Luis Cubilla: o temperamental ponta uruguaio soube ser campeão de Libertadores por Peñarol e Nacional e ameaçar seriamente o Brasil nas semifinais da Copa de 1970, além de passar também pelo Barcelona. No futebol argentino, também teve páginas de relevo, embora sem títulos – integrou o River vice da Libertadores de 1966 e treinou-o no vice do Torneio Nacional de 1984. Sua carreira como técnico rendeu-lhe novos títulos na Libertadores, os primeiros do Olimpia e do futebol paraguaio (em 1979 e em 1990). Nela, trabalhou na Argentina também no Newell’s semifinalista nacional em 1980 e, sem o mesmo brilho, no Talleres em 2003. Já lhe dedicamos este Especial.
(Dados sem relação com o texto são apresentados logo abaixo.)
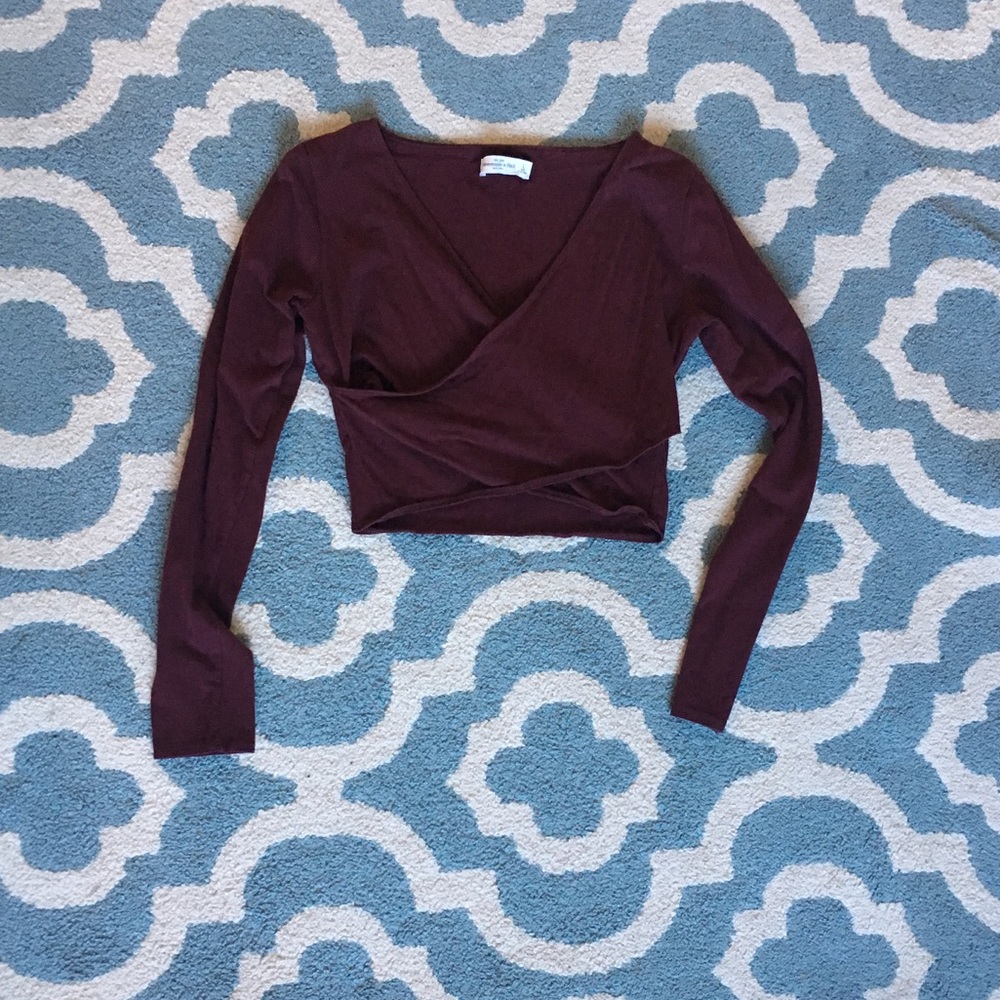 Burgundy crop top from A&F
Sergio Batista: volante consagrado no Argentinos Jrs campeão da Libertadores 1985 e da seleção vencedora da Copa do Mundo de 1986, El Checho foi reforço de peso do River em 1988. Não virou bem um ídolo em Núñez, embora seguisse na seleção e desse voltas olímpicas pela liguilla em 1989 e pelo campeonato argentino de 1989-90. Já estava sob precoce declínio quando foi para nova Copa do Mundo, se perdendo para a cocaína e deixando o Millo em 1991. No Talleres, esteve como um dos treinadores em 2003, tal como Cubilla. O time seguiu desandando e, embora saltasse já sob Juan José López para o pódio do Clausura 2004, terminou rebaixado pelo péssimo promedio. Precisou relançar-se no Nueva Chicago para galgar passos rumo à seleção sub-20, com a qual venceu as Olimpíadas de 2008, vitrine para sua meteórica passagem pela principal entre o fim da Copa de 2010 e a queda na Copa América 2011. Já çhe dedicamos este Especial.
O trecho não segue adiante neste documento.